He sung with extreme care, managing the broken voice which remains to him as none but a great artist could do. But the voice is only a ruin and affected with a hoarseness which, one feels, will not pass away. In the second part he sang the great air from La Favorita, which has won him so many triumphs in Europe; but I liked him best in the ballad by Hatton: ‘Good bye, Sweetheart,’ which he gave in response to an encore. This song was, I believe, written expressly for him, and the warmth, the tenderness, the delicacy with which it was rendered were in accordance with our preconceived ideas of the singer.

Carlotta Patti is unchanged and her feats in vocal gymnastics continue to be the delight of the general public and the wonder of all. She is the princess of executantes and can do absolutely anything with her voice—except sing. Auber’s ‘Eclat du rire,’ one of her encore pieces, requires precisely her voice and nature; her rendering of it is perfect. The same remark applies to the ‘Variations’ by Proch, but her rendering of the song ‘Within a mile of Edinboro’,’ another encore piece, was utterly parrot-like and devoid of even the little sentiment which belongs to that threadbare ballad.

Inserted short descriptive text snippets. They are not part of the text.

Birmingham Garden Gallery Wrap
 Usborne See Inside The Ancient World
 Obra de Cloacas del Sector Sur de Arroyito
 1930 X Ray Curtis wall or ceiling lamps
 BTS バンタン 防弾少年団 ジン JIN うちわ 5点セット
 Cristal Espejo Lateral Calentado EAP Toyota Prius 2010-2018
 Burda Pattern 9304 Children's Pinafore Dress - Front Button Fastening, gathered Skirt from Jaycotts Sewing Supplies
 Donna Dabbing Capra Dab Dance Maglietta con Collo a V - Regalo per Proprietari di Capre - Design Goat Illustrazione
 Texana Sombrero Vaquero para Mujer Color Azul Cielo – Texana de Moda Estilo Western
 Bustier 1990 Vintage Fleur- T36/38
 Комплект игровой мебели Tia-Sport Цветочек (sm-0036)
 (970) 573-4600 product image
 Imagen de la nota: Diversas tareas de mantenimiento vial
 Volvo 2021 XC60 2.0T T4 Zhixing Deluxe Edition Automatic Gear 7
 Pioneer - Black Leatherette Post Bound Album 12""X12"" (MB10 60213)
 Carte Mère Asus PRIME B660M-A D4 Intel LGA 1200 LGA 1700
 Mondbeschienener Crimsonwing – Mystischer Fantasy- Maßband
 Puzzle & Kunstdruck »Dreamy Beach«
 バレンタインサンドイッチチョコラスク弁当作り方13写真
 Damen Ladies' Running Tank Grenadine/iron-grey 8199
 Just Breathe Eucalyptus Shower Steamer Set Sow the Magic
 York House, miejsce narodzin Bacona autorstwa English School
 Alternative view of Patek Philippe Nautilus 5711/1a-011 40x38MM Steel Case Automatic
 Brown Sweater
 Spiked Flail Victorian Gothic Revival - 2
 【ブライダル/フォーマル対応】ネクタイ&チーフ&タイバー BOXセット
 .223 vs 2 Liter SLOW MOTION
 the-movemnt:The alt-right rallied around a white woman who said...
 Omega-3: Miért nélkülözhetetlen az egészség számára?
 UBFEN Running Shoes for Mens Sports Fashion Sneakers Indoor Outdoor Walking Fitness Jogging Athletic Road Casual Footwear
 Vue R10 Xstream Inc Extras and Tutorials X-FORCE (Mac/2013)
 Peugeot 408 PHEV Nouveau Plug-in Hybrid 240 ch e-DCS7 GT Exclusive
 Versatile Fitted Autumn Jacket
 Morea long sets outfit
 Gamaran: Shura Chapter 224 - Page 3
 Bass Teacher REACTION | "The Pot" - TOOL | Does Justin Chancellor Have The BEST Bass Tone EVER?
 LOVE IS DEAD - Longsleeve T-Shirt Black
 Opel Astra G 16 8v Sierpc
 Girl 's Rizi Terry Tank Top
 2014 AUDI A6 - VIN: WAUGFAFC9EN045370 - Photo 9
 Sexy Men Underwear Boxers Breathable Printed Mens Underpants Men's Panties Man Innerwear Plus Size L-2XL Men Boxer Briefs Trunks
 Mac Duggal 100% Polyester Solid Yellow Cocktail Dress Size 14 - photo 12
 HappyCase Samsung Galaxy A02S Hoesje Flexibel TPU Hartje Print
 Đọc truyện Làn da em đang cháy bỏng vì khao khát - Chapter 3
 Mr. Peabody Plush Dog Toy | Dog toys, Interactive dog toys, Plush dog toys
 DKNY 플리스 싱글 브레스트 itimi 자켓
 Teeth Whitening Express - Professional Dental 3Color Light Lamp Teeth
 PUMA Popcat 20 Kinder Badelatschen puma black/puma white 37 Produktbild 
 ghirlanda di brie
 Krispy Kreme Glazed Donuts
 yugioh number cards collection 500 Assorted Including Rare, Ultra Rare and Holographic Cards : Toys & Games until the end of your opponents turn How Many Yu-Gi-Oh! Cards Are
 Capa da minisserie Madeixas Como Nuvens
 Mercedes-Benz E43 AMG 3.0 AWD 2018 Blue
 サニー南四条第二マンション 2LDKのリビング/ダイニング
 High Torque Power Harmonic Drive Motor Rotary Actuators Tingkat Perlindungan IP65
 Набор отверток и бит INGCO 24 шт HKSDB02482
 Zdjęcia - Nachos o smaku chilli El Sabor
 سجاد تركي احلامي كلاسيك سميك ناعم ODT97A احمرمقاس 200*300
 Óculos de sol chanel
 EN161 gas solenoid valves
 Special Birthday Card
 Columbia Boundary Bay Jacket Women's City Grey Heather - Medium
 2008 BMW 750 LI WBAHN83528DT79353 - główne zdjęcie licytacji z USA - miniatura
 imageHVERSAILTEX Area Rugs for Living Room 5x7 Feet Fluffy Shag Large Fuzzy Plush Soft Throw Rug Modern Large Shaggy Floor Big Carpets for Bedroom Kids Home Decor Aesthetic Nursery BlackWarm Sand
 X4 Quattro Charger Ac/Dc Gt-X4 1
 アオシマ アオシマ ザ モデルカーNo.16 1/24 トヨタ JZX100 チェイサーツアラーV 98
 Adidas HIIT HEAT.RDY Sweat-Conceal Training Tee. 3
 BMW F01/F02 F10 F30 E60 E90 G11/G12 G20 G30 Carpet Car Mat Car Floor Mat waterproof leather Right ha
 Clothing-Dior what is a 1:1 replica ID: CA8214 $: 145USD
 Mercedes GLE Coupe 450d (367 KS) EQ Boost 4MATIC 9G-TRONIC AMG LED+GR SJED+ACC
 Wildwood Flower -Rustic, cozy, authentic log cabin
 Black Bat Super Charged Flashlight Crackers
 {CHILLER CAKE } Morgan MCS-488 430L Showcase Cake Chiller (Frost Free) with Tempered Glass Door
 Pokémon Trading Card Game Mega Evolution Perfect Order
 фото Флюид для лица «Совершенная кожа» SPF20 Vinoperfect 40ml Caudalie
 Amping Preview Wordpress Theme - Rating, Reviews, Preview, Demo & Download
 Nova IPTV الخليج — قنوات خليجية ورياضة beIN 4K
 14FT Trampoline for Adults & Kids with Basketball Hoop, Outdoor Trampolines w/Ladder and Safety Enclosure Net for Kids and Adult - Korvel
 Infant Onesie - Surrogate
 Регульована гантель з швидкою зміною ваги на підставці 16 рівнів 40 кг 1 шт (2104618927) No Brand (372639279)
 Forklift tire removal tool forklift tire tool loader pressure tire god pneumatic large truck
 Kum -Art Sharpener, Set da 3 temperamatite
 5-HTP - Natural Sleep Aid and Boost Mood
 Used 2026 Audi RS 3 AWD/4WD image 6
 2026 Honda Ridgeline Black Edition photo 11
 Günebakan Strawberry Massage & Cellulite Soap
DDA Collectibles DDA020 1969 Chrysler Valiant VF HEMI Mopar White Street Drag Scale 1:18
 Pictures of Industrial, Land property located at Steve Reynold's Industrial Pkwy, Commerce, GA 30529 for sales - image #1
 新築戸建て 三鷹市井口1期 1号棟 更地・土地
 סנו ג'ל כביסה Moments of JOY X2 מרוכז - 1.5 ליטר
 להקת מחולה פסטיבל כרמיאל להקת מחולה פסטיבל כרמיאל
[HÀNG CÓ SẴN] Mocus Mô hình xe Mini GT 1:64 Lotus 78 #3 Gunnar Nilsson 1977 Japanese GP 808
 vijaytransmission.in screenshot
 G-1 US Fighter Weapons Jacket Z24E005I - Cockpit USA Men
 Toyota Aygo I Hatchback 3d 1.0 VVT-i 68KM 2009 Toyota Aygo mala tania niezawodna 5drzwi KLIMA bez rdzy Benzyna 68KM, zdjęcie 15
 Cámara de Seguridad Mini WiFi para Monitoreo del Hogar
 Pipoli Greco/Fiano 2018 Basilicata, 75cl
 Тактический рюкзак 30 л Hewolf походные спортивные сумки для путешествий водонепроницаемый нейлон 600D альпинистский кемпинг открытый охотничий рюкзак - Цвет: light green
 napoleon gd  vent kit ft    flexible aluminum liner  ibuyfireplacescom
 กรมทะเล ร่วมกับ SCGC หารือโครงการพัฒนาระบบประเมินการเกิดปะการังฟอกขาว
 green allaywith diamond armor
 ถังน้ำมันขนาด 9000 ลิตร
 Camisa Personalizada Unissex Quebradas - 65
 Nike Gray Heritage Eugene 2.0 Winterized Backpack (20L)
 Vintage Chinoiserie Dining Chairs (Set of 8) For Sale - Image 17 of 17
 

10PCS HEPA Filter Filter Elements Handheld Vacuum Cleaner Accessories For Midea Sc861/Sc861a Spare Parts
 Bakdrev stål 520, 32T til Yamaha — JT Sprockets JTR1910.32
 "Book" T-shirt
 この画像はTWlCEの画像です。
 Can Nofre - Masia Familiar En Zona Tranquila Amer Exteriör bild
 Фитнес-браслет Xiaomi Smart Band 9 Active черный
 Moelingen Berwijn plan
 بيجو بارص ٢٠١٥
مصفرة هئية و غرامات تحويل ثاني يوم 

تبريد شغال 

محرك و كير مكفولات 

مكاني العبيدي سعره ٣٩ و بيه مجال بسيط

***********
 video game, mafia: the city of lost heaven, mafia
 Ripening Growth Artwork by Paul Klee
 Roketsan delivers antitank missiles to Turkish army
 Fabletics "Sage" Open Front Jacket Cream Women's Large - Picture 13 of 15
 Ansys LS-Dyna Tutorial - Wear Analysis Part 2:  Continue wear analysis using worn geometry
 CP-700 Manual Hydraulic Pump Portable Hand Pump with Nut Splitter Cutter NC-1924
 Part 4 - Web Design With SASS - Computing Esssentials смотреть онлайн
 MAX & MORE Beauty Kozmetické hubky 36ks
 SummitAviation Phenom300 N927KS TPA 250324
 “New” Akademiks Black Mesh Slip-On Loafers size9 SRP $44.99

You doubtless remember ‘La Teresita,’ the child pianist, who charmed us all nine years ago and whose talent (so say the handbills) ‘Even Boston and Dwight deigned to praise.’ [!] During her long sojourn in Europe she has played everywhere, pleased everyone, and now comes back to us, a child no longer, but a graceful, beautiful woman. The artist, too has developed, apparently; before, it would have been a fantaisie by Gottschalk or Thalberg which awakened our praise; now she greets us with Mendelssohn’s great Concerto in G minor for piano and orchestra. There is perhaps only one woman who can play this Concerto exactly as it should be played, and the remembrance of its wonderful beauty as it took shape and grew under the fingers of Clara Schumann, came to my mind with the thought that perhaps our fair pianiste might have made a wiser selection for her first appearance in her new character. But she played with more taste and feeling than I expected, and, though not quite with that fine, delicate shading which indicates a perfect acquaintance with the composer, yet in a manner which elicited an encore from the audience, and expressions of satisfaction from the coterie of critics. The Faust Fantaisie brought another encore, to which she responded with a waltz by Chopin, (D flat), played, I thought, somewhat hurriedly, and with a carelessness of which that composer’s works do not well admit.

The bold, free style, skillful bowing and pure intonation of M. Sauret, the violinist, took us by surprise, for although we should look for these qualities in the pupil of Vieuxtemps, we were unprepared for so much excellence. His execution reminds one of the stories told of Paganini, and his polyphonic playing is something like Ole Bull without any of Ole Bull’s scrapiness. Feeling and expression are manifested in his playing to a high degree, and his popularity is assured by his first performance here.

Miss Cary sang as well as usual, and Sig. Ronconi and Gottschalk were both good. The orchestra was fair, and altogether the concert troupe is an excellent one. They gave four concerts and one matinée previous to their departure for Boston.”